What’s a HypnoBirth like?

I’m asked what HypnoBirths are like all the time so I thought I’d hand over to the lovely Gill and her baby boy for a first-hand description:

To my surprise, my waters broke 3 weeks before my estimated due date!  The classes that we had with Helen really helped to keep me calm because I knew what was happening so wasn’t afraid and the positive affirmations I had been listening to on the Rainbow CD came straight to mind.

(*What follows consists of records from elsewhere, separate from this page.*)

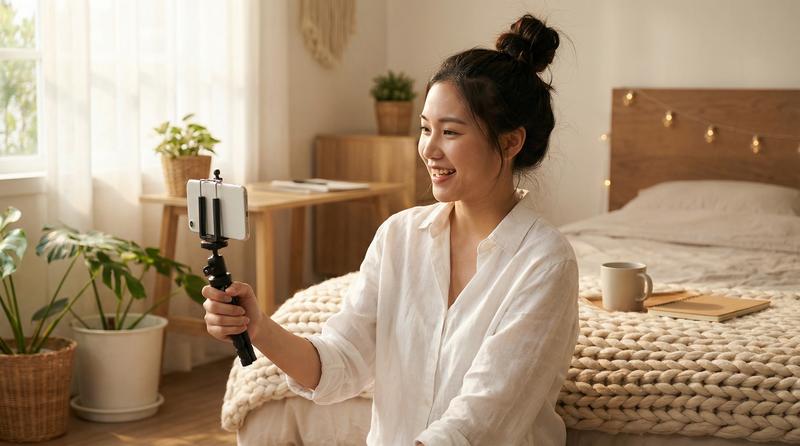 蘑菇视频生活视频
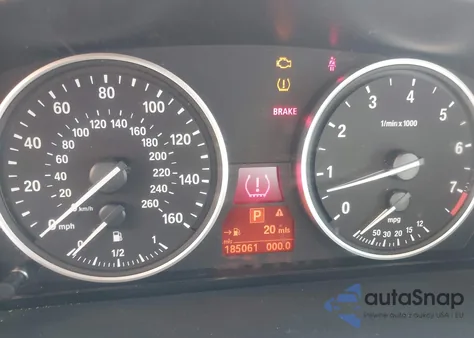 2008 BMW 535I from USA, damaged, VIN WBANW13538CZ83796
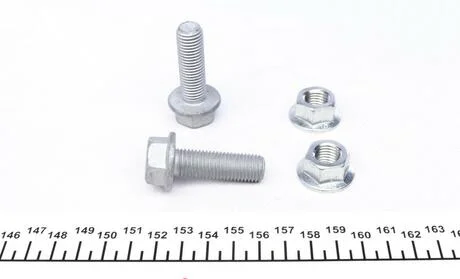 Болт головки FEBI BILSTEIN 01799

I phoned the hospital and they said I should go in so the baby could be monitored.  The baby was fine and as my surges hadn’t properly started yet (they only felt like strong period pains) I was allowed to go home which I was really pleased with.  As it was the evening I thought I better try and get some sleep before things really got going!  I played the Rainbow CD and slept until 3am when I woke to much stronger surges.  I stayed in bed for about an hour practicing my slow breathing and then went down stairs to sit on my birth ball and continue with my breathing and my husband gave me the light touch massage which really helped.  I timed my surges and when they lasted over a minute and were 2 minutes apart I phoned the hospital.  I don’t think the midwife I spoke to believed that I was ready to come in, because I was so calm.  She tried to persuade me to stay at home longer but I knew that my labour was already quite advanced so we made our way to the hospital.

They examined me after about half an hour; they were amazed that I was fully dilated.  I truly believe that this was because I worked with my body every step of the way and helped the baby’s descent through effective breathing techniques and because I was calm, my body naturally did what it was supposed to do.  After another hour and a half and with the help of birth breathing and visualisation our beautiful baby boy had arrived!  He was alert and I felt totally exhilarated and empowered!  We had skin to skin contact and he latched on to breast feed very quickly. 

My husband and I really enjoyed our classes with Helen.  She helped us to feel totally relaxed and explained the concept of HypnoBirthing® perfectly.  We had fun with the classes and learnt an awful lot!  We knew how important it was to put into practice everything that Helen taught us, so we tried to practice as much as possible and listened to the Rainbow CD most nights.   The breathing techniques we learnt also helped us both in our day to day to lives and I can now see how effective positive affirmations and visualisation can be, it’s very powerful! 

I had such an amazing birthing experience.  We couldn’t have done it without the help of Helen and HypnoBirthing®.  I would highly recommend the course to anyone!